Over the years, it has become a crucial determinant of an entity’s taxable presence outside its home jurisdiction and has constituted the focal point in the treaty based international fiscal law. All the three model conventions namely, UN (United Nations) Model, OECD (Organisation for Economic Co-operation and Development) Model and US (United States of America) Model use PE as the decisive instrument for the same.

Fundamentally, the concept of PE states that the profits of an enterprise residing in one state and contracting with another state (India in our case) are taxable in the latter state (India) only if the enterprise has a Permanent establishment in India. Further, even when it is established that the enterprise has a PE in India, profits shall be taxable in the latter state only to the extent that they are derived therefrom. The international tax treaties have defined a PE to exist in various scenarios according to the nature of business activities. Respective double tax treaties between nations include different types of PE as per the consensus reached by the respective states on the model tax convention being followed and its specific articles to be adopted. 

With respect to the tax treaties entered by India with various nations, a PE in India can be established in the following scenarios:

Fixed Place PE

A fixed place PE in India has been defined to mean a fixed geographical location of the entity in India from which the business of the enterprise is wholly or partly carried on.
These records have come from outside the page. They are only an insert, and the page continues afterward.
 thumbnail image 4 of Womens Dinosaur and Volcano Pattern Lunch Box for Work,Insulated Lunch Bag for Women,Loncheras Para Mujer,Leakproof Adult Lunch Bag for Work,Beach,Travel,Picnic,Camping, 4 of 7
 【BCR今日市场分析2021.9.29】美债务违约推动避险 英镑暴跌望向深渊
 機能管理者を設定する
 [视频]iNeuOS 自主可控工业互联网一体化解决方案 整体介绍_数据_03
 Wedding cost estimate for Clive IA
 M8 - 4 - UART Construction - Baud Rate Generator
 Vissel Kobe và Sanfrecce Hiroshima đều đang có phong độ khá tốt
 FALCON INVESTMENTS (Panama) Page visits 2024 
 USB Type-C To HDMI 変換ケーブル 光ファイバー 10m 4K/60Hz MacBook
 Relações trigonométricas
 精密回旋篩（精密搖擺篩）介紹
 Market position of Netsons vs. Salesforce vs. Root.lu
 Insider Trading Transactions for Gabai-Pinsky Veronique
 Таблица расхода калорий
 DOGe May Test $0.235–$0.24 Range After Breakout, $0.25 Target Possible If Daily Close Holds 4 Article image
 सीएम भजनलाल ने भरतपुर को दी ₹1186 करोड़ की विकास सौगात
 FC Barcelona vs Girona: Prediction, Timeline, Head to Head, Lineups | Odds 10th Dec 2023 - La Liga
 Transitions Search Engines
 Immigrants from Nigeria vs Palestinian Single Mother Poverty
Through the international jurisprudence that has arisen over the course of the past years, the following requisites arise from this definition:

  1. The entity should have a fixed place of business in the other contracting state: This could include among others, a factory, branch, workshop, any place of management, a premises used as a sales outlet for soliciting or receiving orders, a warehouse where a person provides storage facility, a farm or plantation where agricultural activities are carried on or even a structure used for the exploration or exploitation of natural resources if used for a designated time period or more in a fiscal year (mostly 120 days)
  2. The fixed place should be at the disposal of the entity: The entity should have reasonable control over the ownership and management of such fixed place of business. For example, where an entity simply hires a third party manufacturer in the other contracting state to manufacture goods on its behalf and such manufacturer uses its own premises with no control of the entity, such a place would not be at the disposal of the entity.
  3. The entity should carry on its business through such fixed place: Activities involving some ‘commercial substance’ must be undertaken from such fixed place of business. In other words, activities which assist or directly contribute to generation of revenue must be carried on from such fixed place.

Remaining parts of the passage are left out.